> **What the exercise asks**:
Should a picture appear anywhere in the data, omit it and copy everything else exactly.

> **Supplied information**:
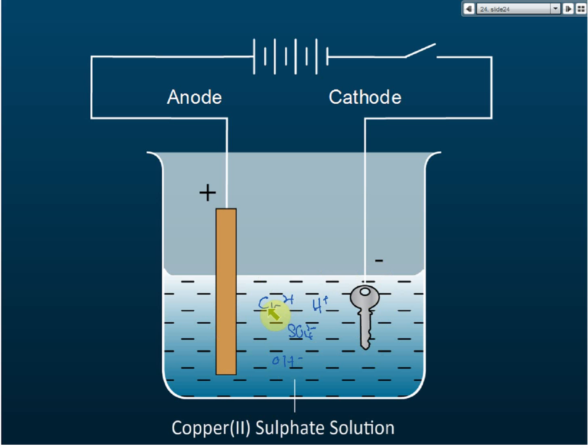During electrolysis, copper ions and hydrogen ions are both positive, so they will both go to the cathode. Now, which one will be selected to be discharged — copper or hydrogen? Copper, because copper is lower than hydrogen in the electrochemical series, and therefore copper will be selected to be discharged.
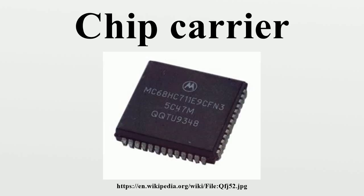Chip carriers may have either J-shaped metal leads for connections by solder or by a socket, or may be leadless with metal pads for connections. If the leads extend beyond the package, the preferred description is flat pack.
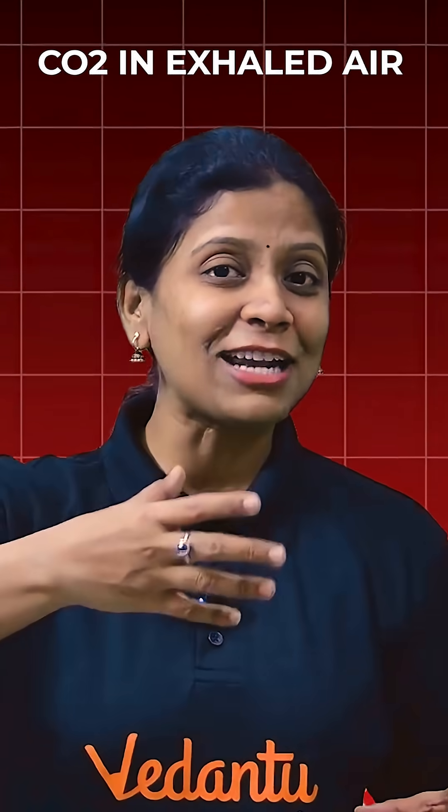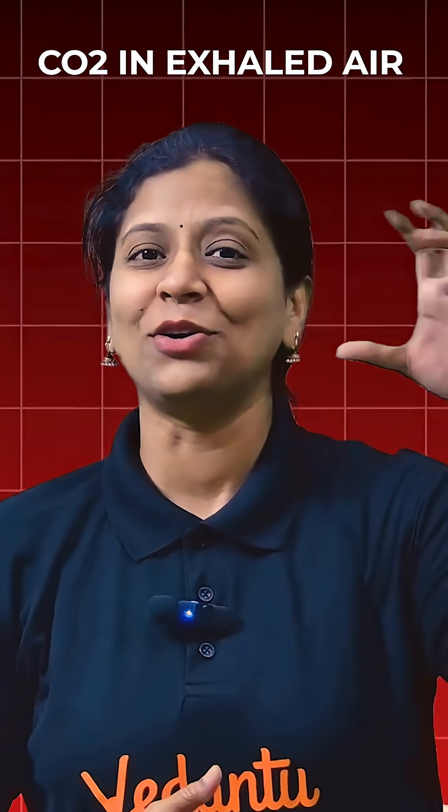Coming to the respiration chapter — in the respiration chapter, the anaerobic respiration and the yeast experiment is very important. And the exhaled air lime water experiment is also very important. So these two are important from respiration.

> **Solution**:
During electrolysis, copper ions and hydrogen ions are both positive, so they will both go to the cathode. Now, which one will be selected to be discharged — copper or hydrogen? Copper, because copper is lower than hydrogen in the electrochemical series, and therefore copper will be selected to be discharged.
Chip carriers may have either J-shaped metal leads for connections by solder or by a socket, or may be leadless with metal pads for connections. If the leads extend beyond the package, the preferred description is flat pack.
Coming to the respiration chapter — in the respiration chapter, the anaerobic respiration and the yeast experiment is very important. And the exhaled air lime water experiment is also very important. So these two are important from respiration.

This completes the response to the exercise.